« Écrire des histoires est la meilleur manière pour moi de m’exprimer » (E. Gaskell à Mary Green, 1853)
Pourquoi Elizabeth Gaskell est-elle si ignorée aujourd’hui, alors que ses amis Charles Dickens et Charlotte Brontë sont si célèbres ? Il est vrai que ces deux derniers, l’une par sa vie si atypique et l’autre par son style si extraordinaire, éclipsent tous les autres écrivains victoriens…
Pourtant, Elizabeth Gaskell est autrice d’une oeuvre importante, autant par le volume (huit romans et plusieurs nouvelles) que par l’intention. Plusieurs de ses romans décrivent de l’intérieur les bouleversements d’une révolution industrielle qu’elle était bien placée pour observer de près, car elle habitait Manchester, un des coeurs de cette révolution – là même où Engels (1) et Marx élaboraient leur théorie au milieu des années 1840. On aurait même pu imaginer (mais avec beaucoup d’imagination) Friedrich et Karl devisant au coin du feu avec Elizabeth dans sa maison de Plymouth Grove, aujourd’hui musée.

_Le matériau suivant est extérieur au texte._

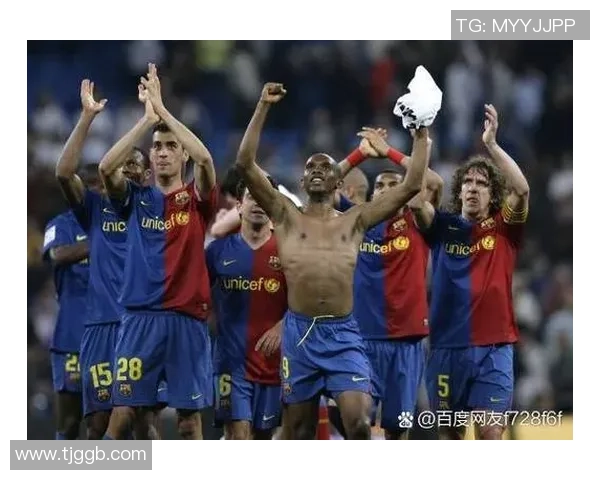 西甲焦点战那不勒斯与巴萨激战成平局乌龙球瞬间引发全场热议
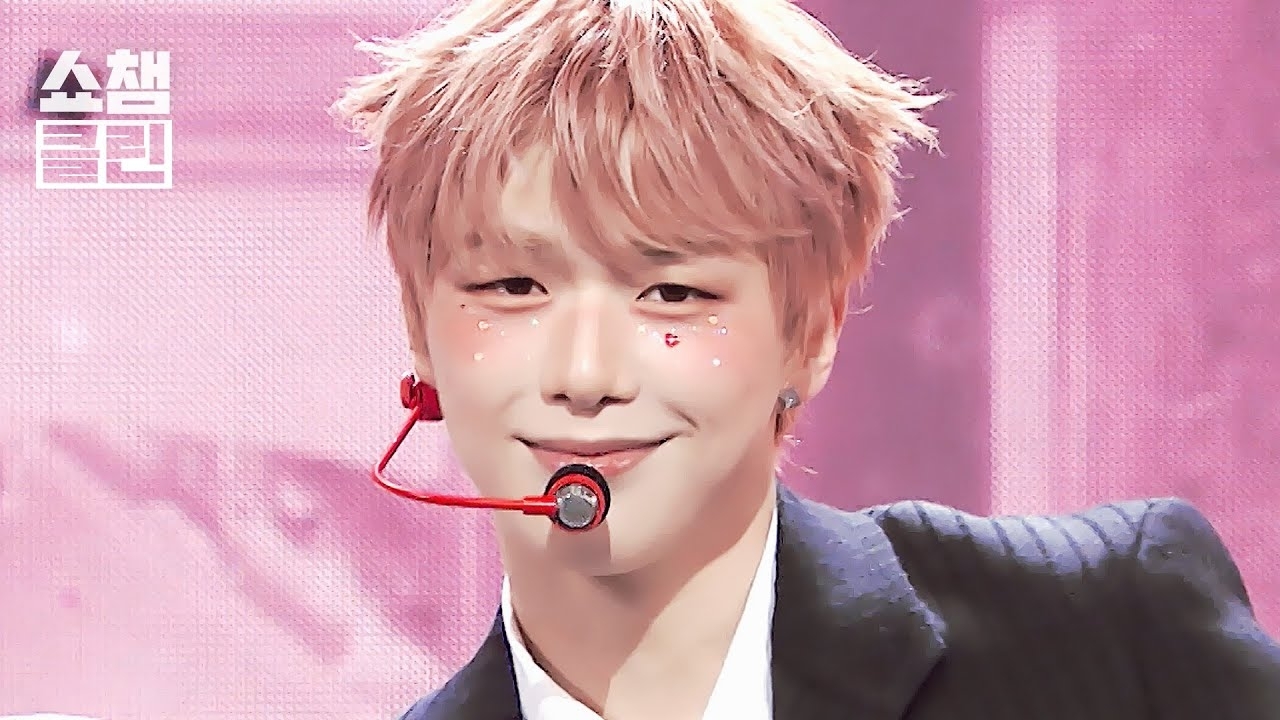 A moment captured by Kang Daniel's fan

Nord et Sud était le roman favori d’Elizabeth Gaskell. Il parut en feuilletons en 1854-1855 dans Household Words, le magazine hebdomadaire créé par Charles Dickens qui venait d’y publier Les Temps difficiles, récit tout aussi social, mais moins optimiste. Les deux histoires étaient en partie inspirées par la grève des ouvriers textiles de Preston en 1854. Les années 1840-1850 virent ainsi la naissance du roman à vocation sociale, avec aussi Charles Kingsley, Ruskin et Carlyle. Le Mary Barton d’Elizabeth Gaskell date de 1848 (il raconte la vie de deux familles, l’une pauvre, l’autre riche, dans le Manchester du début des années 1840). Gaskell faisait preuve d’un certain courage, son mari, pasteur unitarien, étant en relation avec les patrons de l’industrie textile de Manchester, tout comme le pasteur Brontë côtoyait les directeurs des fabriques d’Haworth dans ces mêmes années.

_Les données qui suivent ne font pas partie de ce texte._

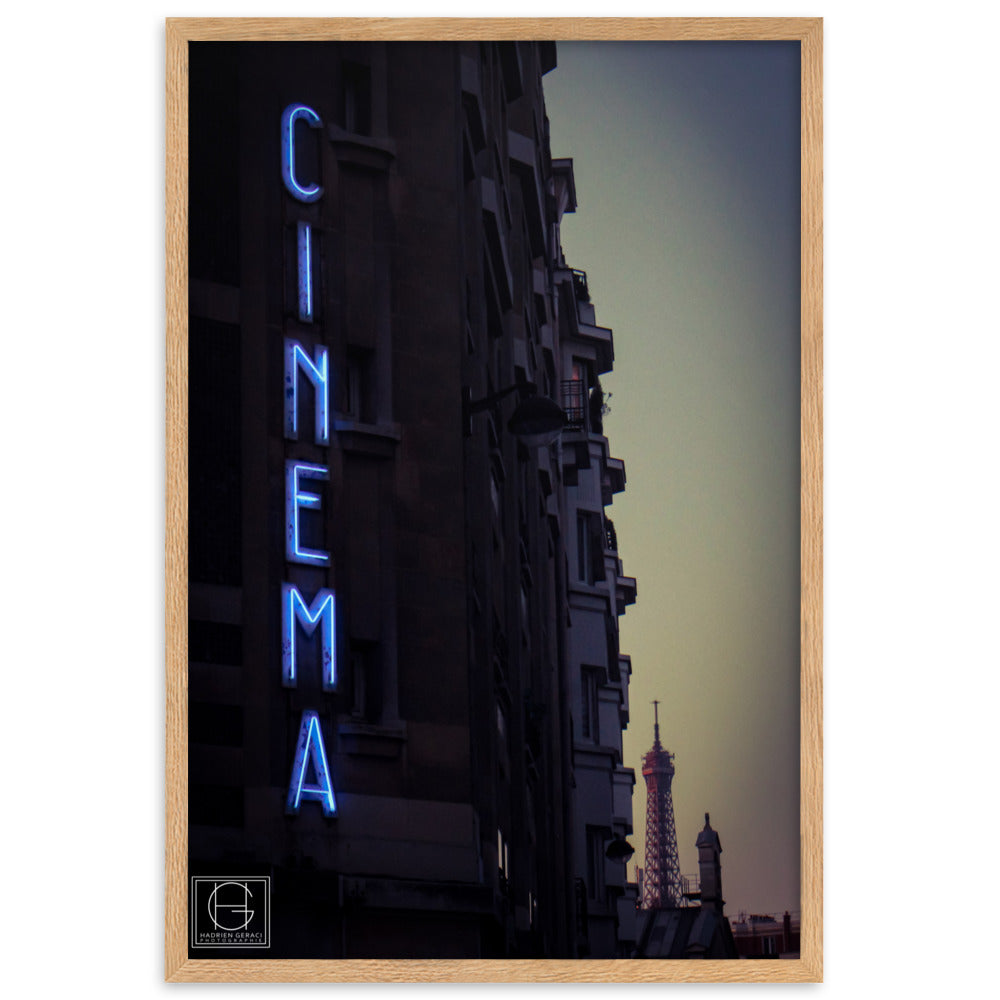 Vue nocturne de Paris avec une enseigne lumineuse 'Cinéma' au premier plan, et la majestueuse tour Eiffel en arrière-plan, œuvre signée par Hadrien Geraci.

Quand Elizabeth Gaskell et son mari William arrivent à Manchester en 1832, c’est pour s’installer 14 Dover Street dans une maison disparue depuis. Ils emménagent en 1842 dans une autre maison à l’angle de Upper Rumford Street (également disparue depuis) et en 1850 dans celle de Plymouth Grove. Tout comme les soeurs Brontë, que la fréquentation par leur père des familles pauvres de Haworth sensibilisait aux conditions d’existence des plus humbles, c’est par les rencontres des familles ouvrières de Manchester avec son mari pasteur, qu’Elizabeth découvre des vies démolies par l’industrialisation à marche forcée. La mort de leur fils en 1844 la plonge dans une profonde affliction, dont l’écriture de Mary Barton la sortira.
Voici d’autres adresses où elle a vécu :
- Elle naît en 1810 au 93 Cheyne Walk à Londres (plaque).
- Après le décès de sa mère quand Elizabeth n’a que treize mois, elle vit chez sa tante, dans une maison qui existe encore : Heathwaite House, 17 Gaskell Avenue à Knutsford. Elle fera plus tard de Knutsford le décor de son roman Cranford. À douze ans, elle intègre une école à Barford puis à Stratford-on-Avon en 1824. Elle vit chez son père à Londres en 1828-1829, puis regagne Knutsford, vit ensuite un moment à Newcastle upon Tyne, puis à Édimbourg en 1831.
- Elle fait plusieurs séjours à Plas Penrhyn, la propriété de son cousin près de Portmeirion dans le Pays de Galles.






(1) : Il publie en 1845 La Situation de la classe ouvrière en Angleterre en 1844. Il habite la même Dover Street que les Gaskell entre 1865 et 1868, aux numéros 25 et 58, démolis pour faire place aux bâtiments de l’université.